Muita gente vai atrás das religiões pagãs atraída pelo que parece um caminho de liberdade irrestrita, diferentemente dos dogmas e mandamentos das crenças mais convencionais - a frase da Wicca "se não causar mal a ninguém, faça o que quiser" é o irresistível canto da sereia para essas pessoas - mas já vimos em
postagens anteriores que há códigos éticos muito claros em todas essas religiões, incluindo o Druidismo, não existe isso de vale-tudo irrestrito; depois do choque que essa revelação traz aos mais deslumbrados, mesmo aqueles que conseguem absorvê-la sem abandonar decepcionados o caminho acabam perplexos diante do mistério dos geasa.
Geasa (singular
geis) é o termo Irlandês para certas compulsões ritualmente impostas, seja na forma de atos proibidos ou obrigatórios, e que devem ser seguidas à risca sob pena de ruína pessoal ou catástrofe: o exemplo clássico é o de Cuchulainn, o herói do Ulster, que está sob os geasa de não poder comer carne de cão (o seu animal tutelar) e ter de aceitar qualquer comida oferecida por uma mulher, e tem seu destino selado quando três velhas no caminho oferecem a ele cozido de lontra (que em Irlandês é literalmente o "cão das águas"), ou seja, ele é forçado a escolher qual geis violar para cumprir o outro; guerreiros como ele podem ter dois ou mais geasa, mas os reis estão sob dúzias deles ao mesmo tempo, e assim a probabilidade de conflito insolúvel aumenta exponencialmente.

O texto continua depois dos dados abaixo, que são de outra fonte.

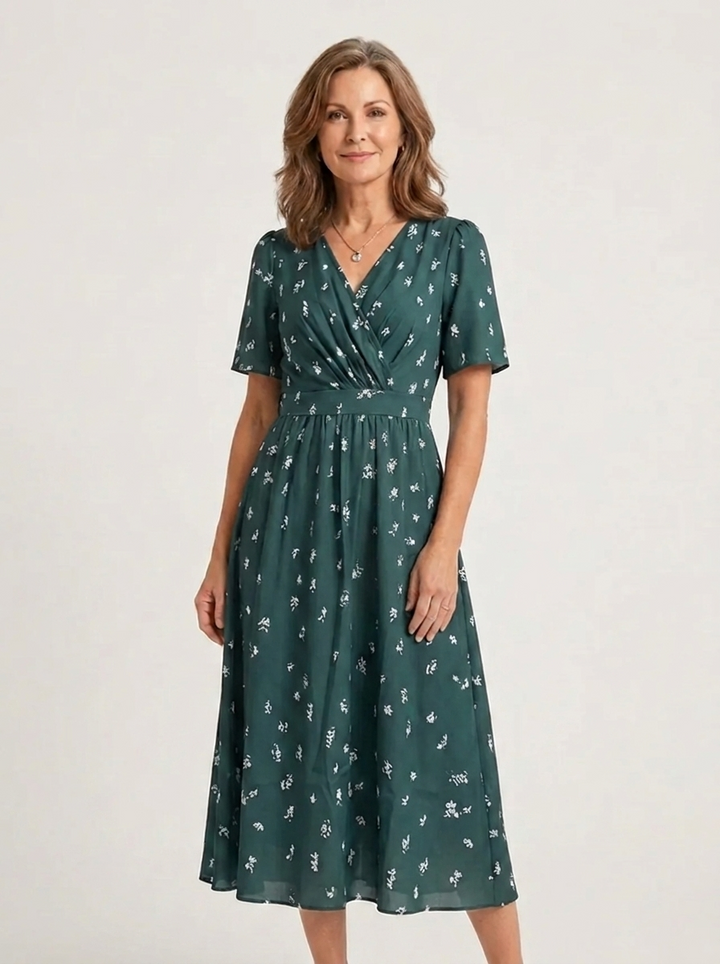 Zafrina | Vestido midi com padrão abstrato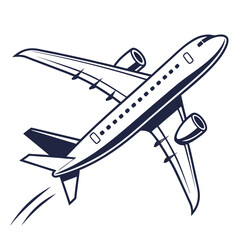 Illustration of an airplane taking off, isolated on white background, perfect for travel and transportation themed designs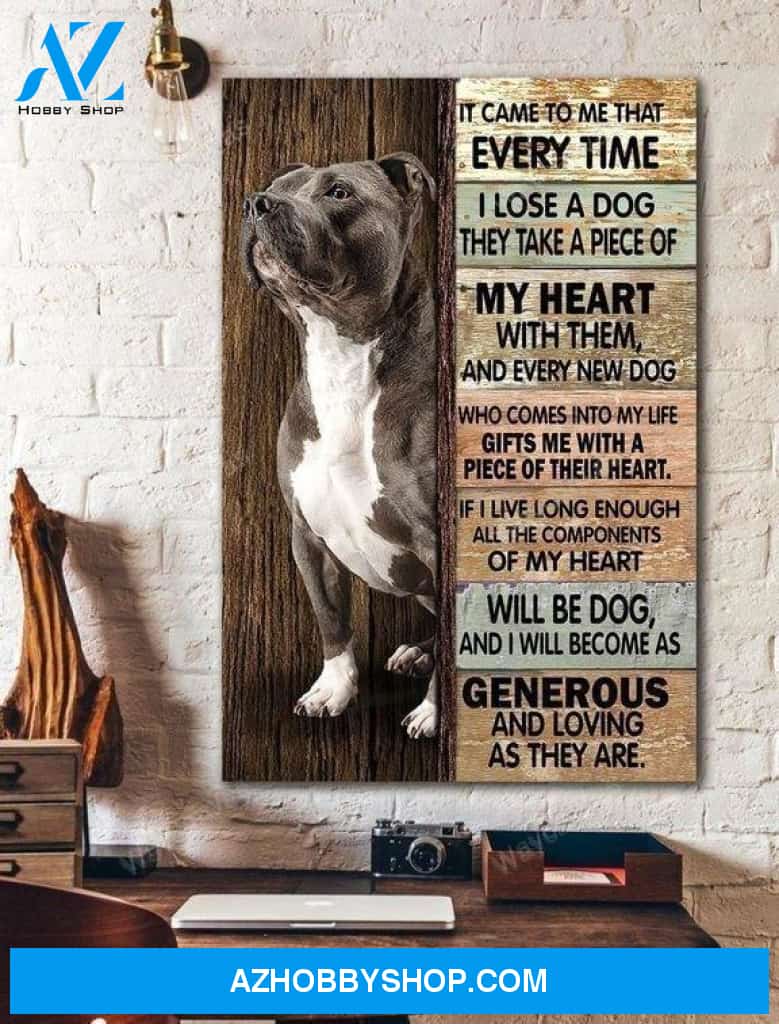 Pit Bull - all the components of my heart will be dog Pit bull Portrait Canvas Prints - Wall Art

Mas então, dirão vocês, qual é o propósito disso, senão uma armadilha que vai arruinar sua vítima mais cedo ou mais tarde?
Maria Nazareth Alvim Barros, autora de
Uma Luz sobre Avallon, considera que os geasa servem como mecanismos de controle social sobre aqueles indivíduos ou classes sociais mais poderosos (reis) ou potencialmente perigosos (guerreiros), restringindo seu poder para o bem da tribo, mas logo à frente ela diz que os Druidas não estão sujeitos a nenhum geis - mas se eles são a classe suprema da sociedade Celta, se nem mesmo o rei pode falar em assembléia antes que o Druida se pronuncie, não deveriam eles ser restringidos por centenas de geasa, ou talvez um ou dois particularmente restritivos, segundo este raciocínio? Nenhum relato descreve algum Druida sob geasa, é verdade, mas ausência de evidência é o mesmo que evidência de ausência? Minha teoria é que os Druidas tem um ou mais geasa, sim, mas diferentemente de guerreiros ou reis tais injunções são mantidas em segredo absoluto, e por isso não foram registradas nas histórias: tanto os geasa druídicos quanto o sigilo sobre os mesmos tem um motivo de ser, e é isso que vamos tentar descobrir aqui.
Primeiro, como uma pessoa adquire geasa? A maioria aparentemente vem desde o nascimento, e é revelada ao indivíduo por divinação druídica, possivelmente fazendo parte do
dán desse indivíduo e até mesmo sendo essencial para o seu cumprimento; outros são impostos por Druidas, Divindades, Ancestrais ou Espíritos, seja como maldições ou desafios a serem superados; outros, enfim, viriam com a definição social do indivíduo, como o ingresso num bando guerreiro ou a coroação do rei. Todos estes casos tem exemplos atestados nas histórias, mas eu quero postular para os Druidas a assunção voluntária de geasa, como parte da sua iniciação ou relativos a trabalhos específicos (e neste caso talvez eles seriam temporários, terminando com o trabalho cumprido).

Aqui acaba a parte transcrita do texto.